Üretmek demek, somut olarak ortaya bir şey konmasıdır. İmalat sanayinin artık her şeyden önce öncüllenmesi lâzımdır. Aslında, senelerdir iktisatçılar papağan gibi aynı şeyleri söylüyorlar, inşaat sektörü evet bir nebze de olsa “çarpan etkisi” olan ya da “kaldıraç” işleviyle türev sektörlerde hareketliliğe vesile olabilecek bir ekonomik etkinlik olarak değerlendirilebilinir.
Ya sonra? Sadece inşaat sektörüyle abat olmuş (ekonomik olarak müreffehi tabandan tavana kadar yaymış) bir toplum var mıdır? Bugün, ne olursa olsun, yani yüksek ve ileri teknoloji başını almış arşa yükselmişse de…
İnsanların, halkların tarımdan ve hayvancılıktan bağımsız olarak ekonomide rahatlama yaşamaları mümkün müdür?
Tarımda ve hayvancılık sektöründe yaşanan handikapların veya bu sektörlerde yaşanan gerilemelerin de mutlaka “içeride uygulanan ekonomik politikalardan” bağımsız bir duruma gelebileceğini iddia etmek, makulden uzaklaşmak olacaktır.

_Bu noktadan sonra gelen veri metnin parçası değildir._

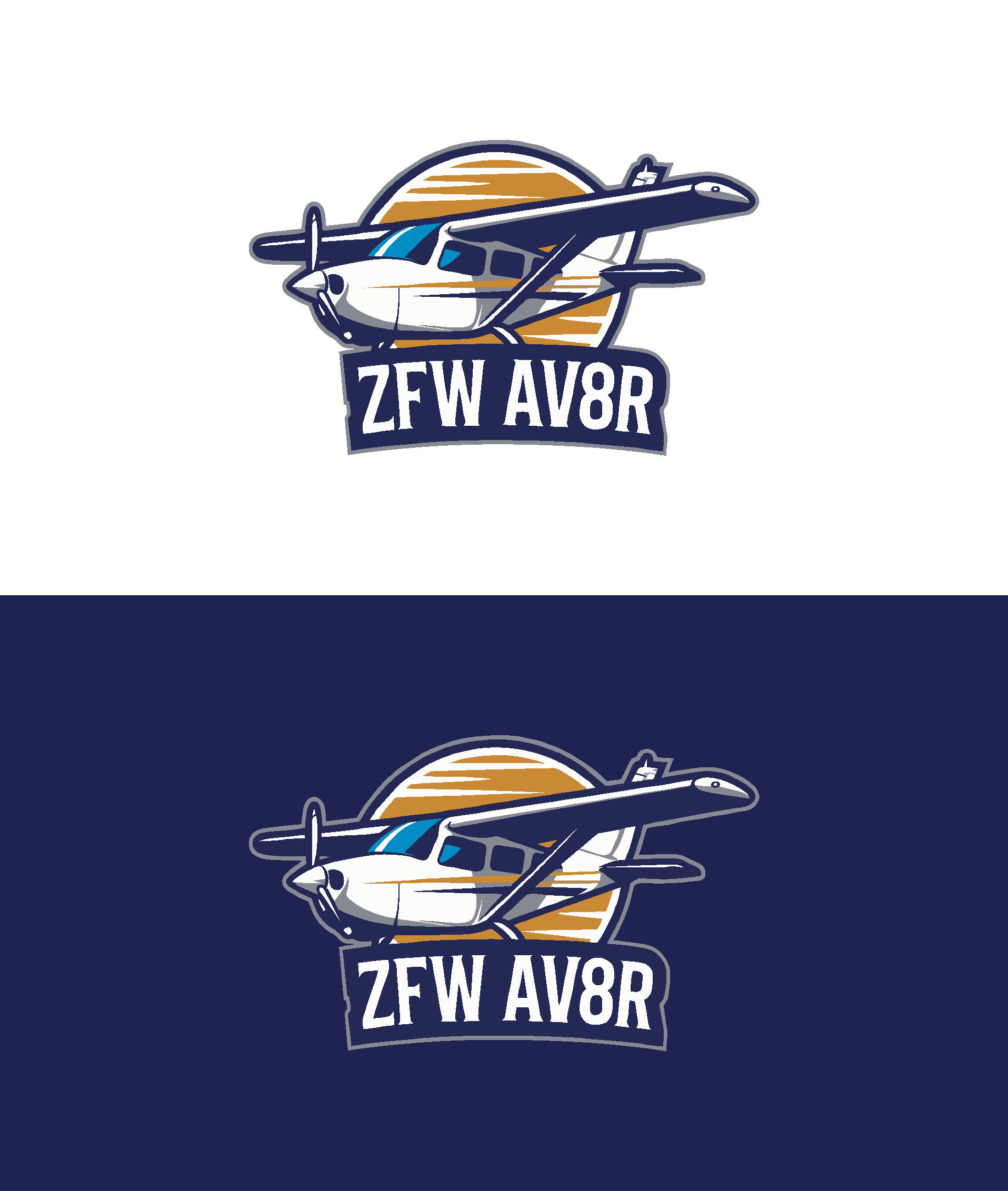 Logo Design by manggawkwk for ZFW Aviation, LLC | Design #35865692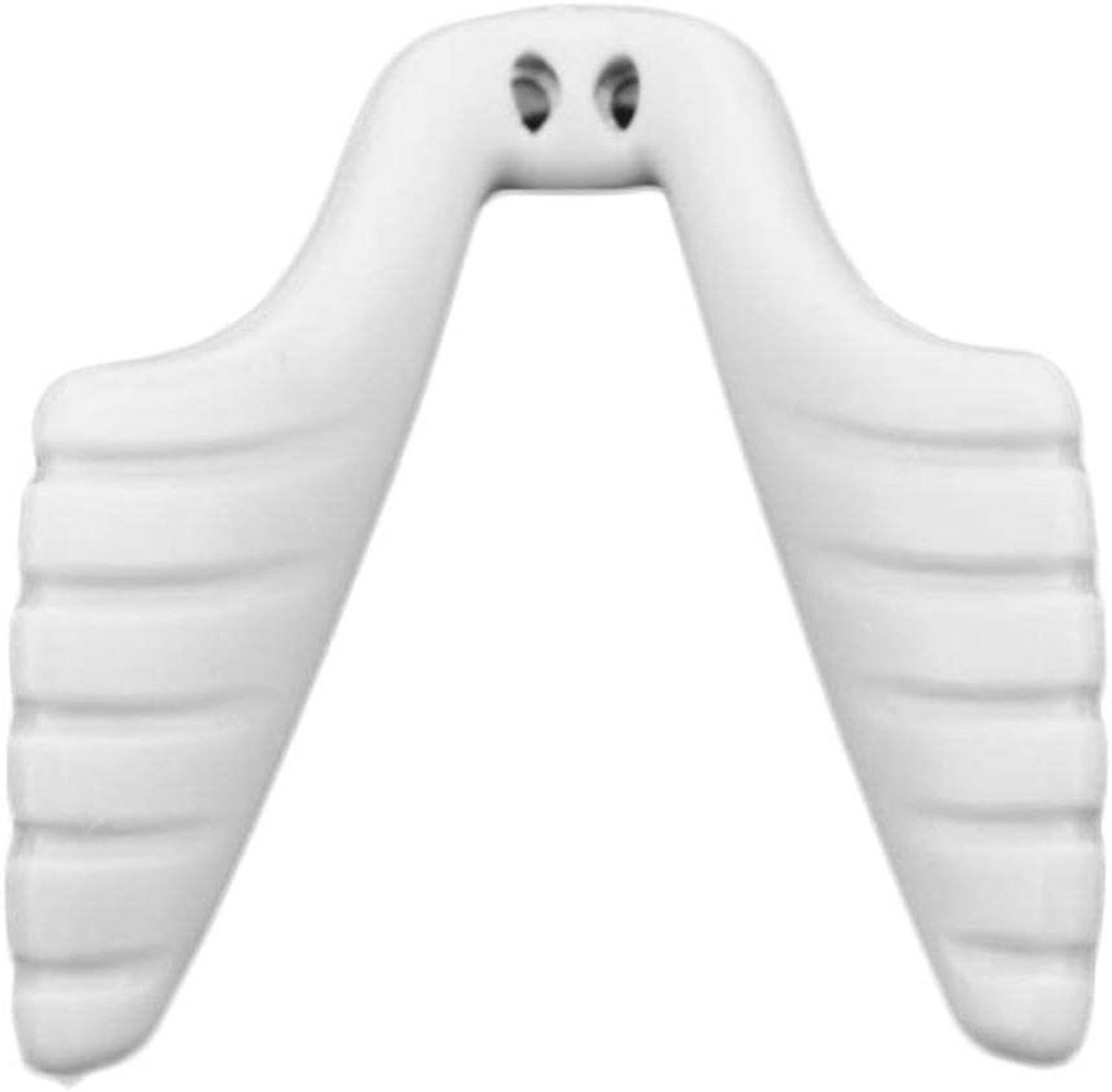 Neus Pad Houder - Bril Reparatie - Bril Aanpassen - Metaal en Siliconen - 3.5mm Gat tot Gat - Grijs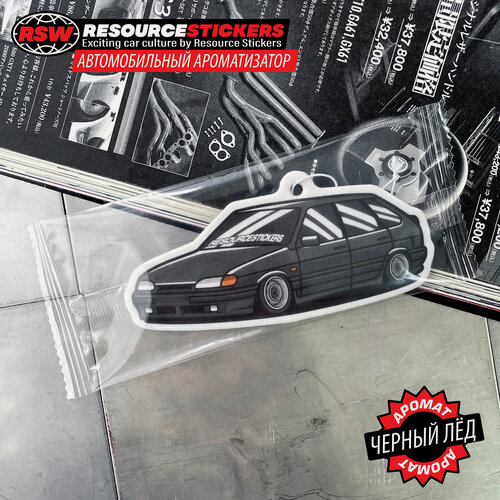 Изображение товара Ароматизатор автомобильный Жигули 2114, черный лед / Resource Stickers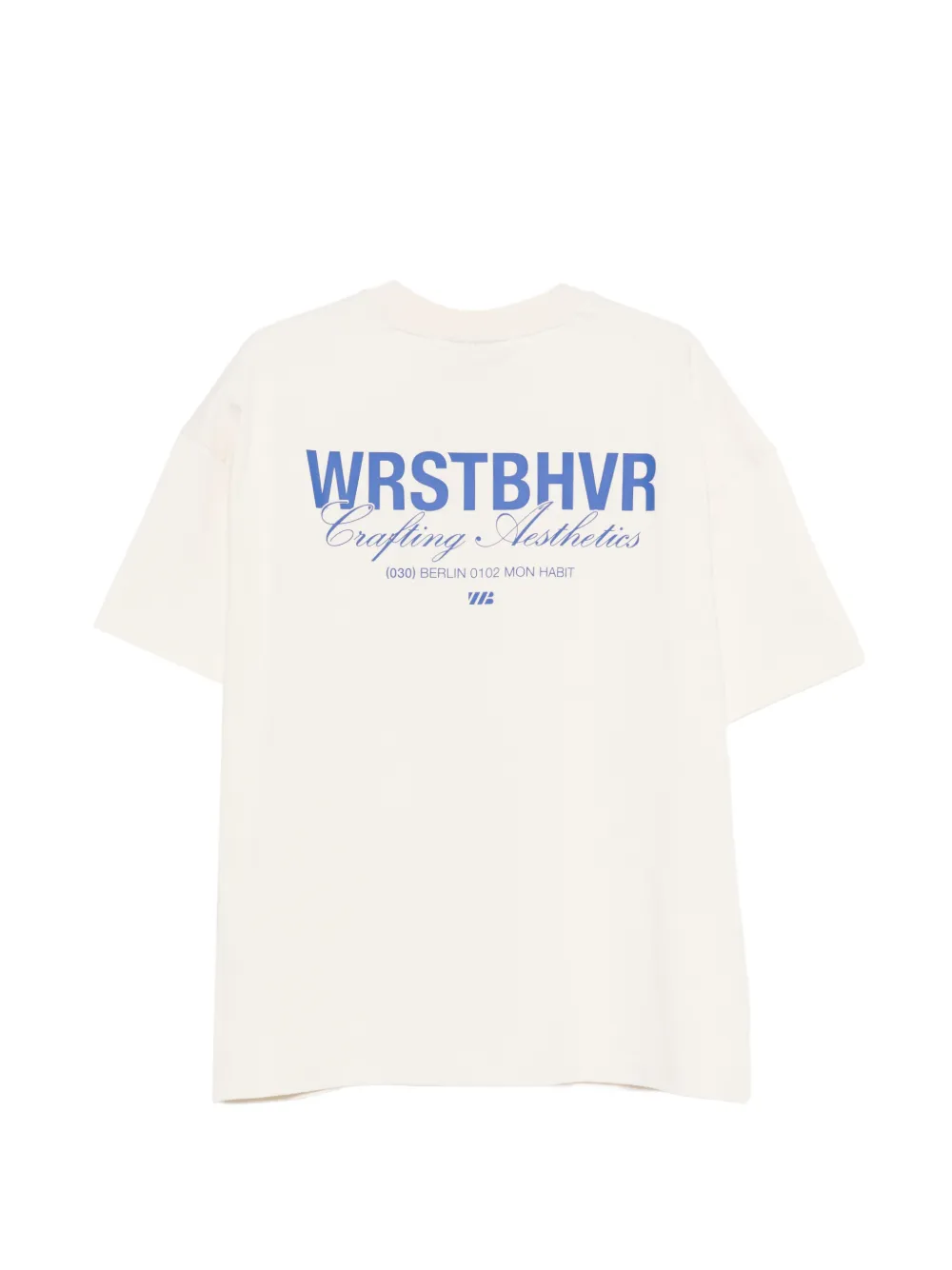  Wrstbhvr Studio V13 Graphic T-shirt - Neutrals 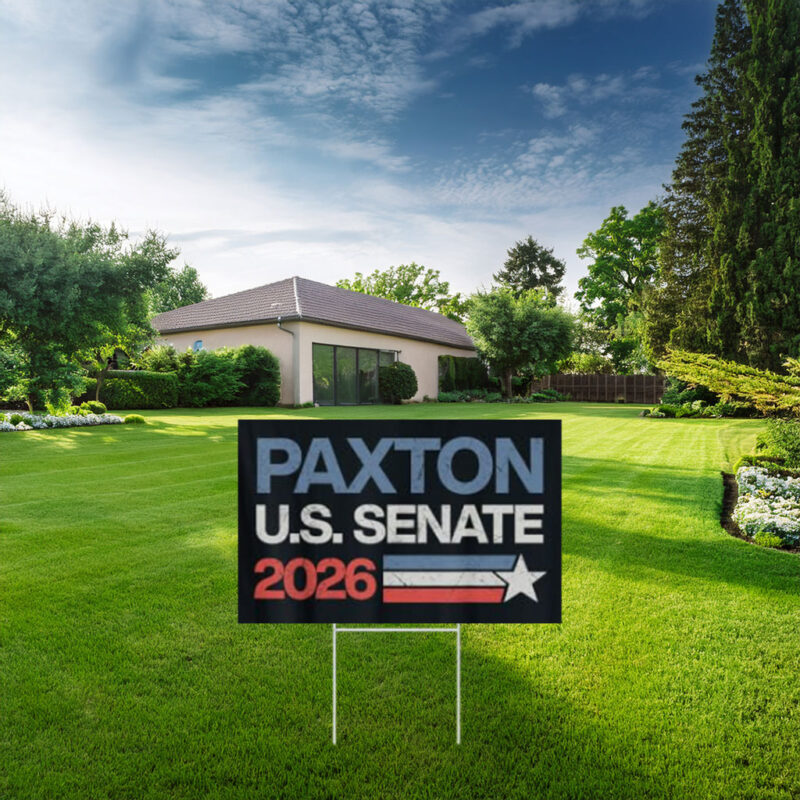 Ken Paxton U.S. Senate 2026 Patriotic Yard Sign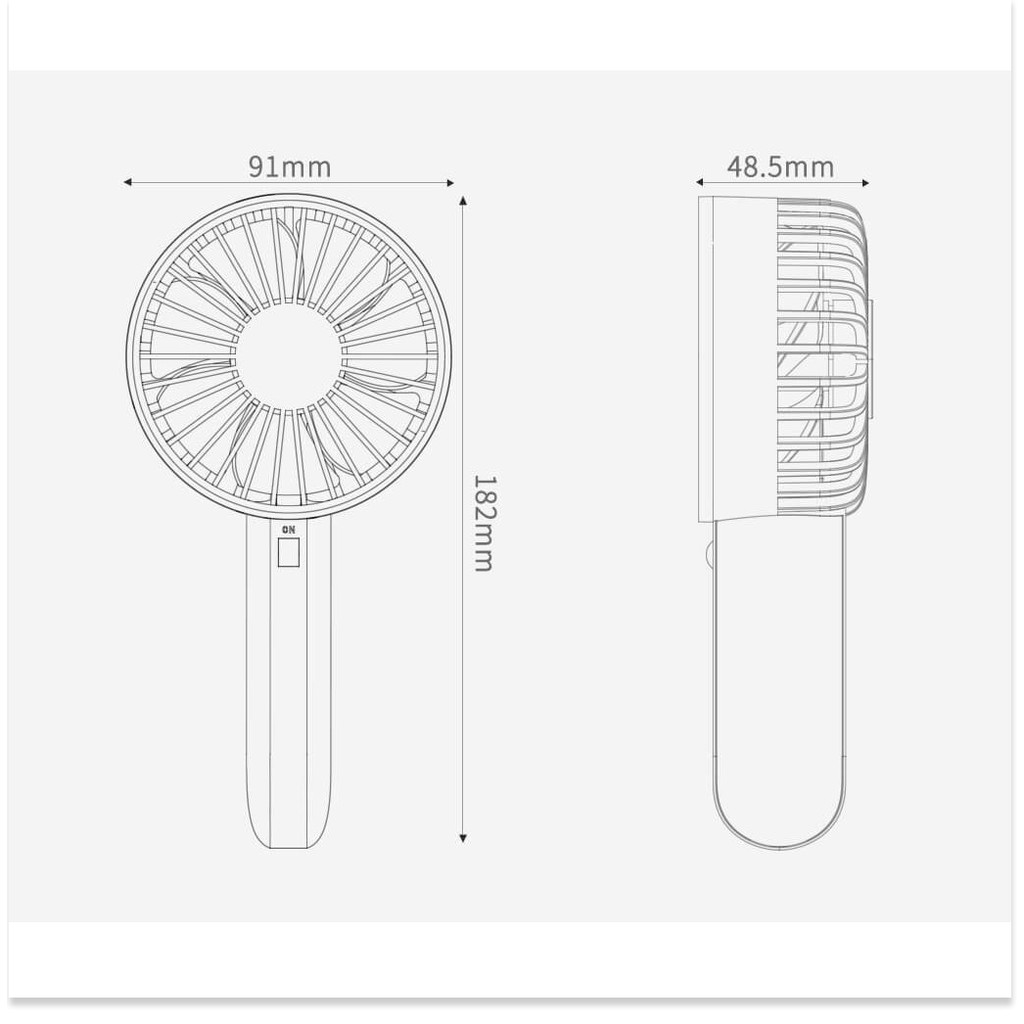 Quạt cầm tay 3 cấp độ Xiaomi VH - Quạt cầm tay mini Xiaomi VH - ChuyenMi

Türkiye’de senelerdir halledilemeyen en büyük sorun işsizliktir. Tabii bu sorun da tam istihdam gibi ham bir hayalle kotarılamaz. Ama öte yandan “kamu yararına çalışma” gibi palyatif tedbirlerle hiç sönümlenemez.
Bundan böyle rotamız normalleşme ve istikrar ile sürdürülebilirliktir. Bunların altyapısını da akılcılık tesis edecektir.
Önceliğimiz kısa ve orta vadede neler yapılabileceğidir.
Doğrudan yatırımların arttırılması ve üretim yaparak, dünyanın geri kalanlarına satmaktır.
Yoksa, dolaylı yoldan gelecek Hans veya George parasının yolunu dört gözle beklersek…
Kaçınılmaz son olarak yine “yoksul ve sade vatandaş” üzülmeye devam eder.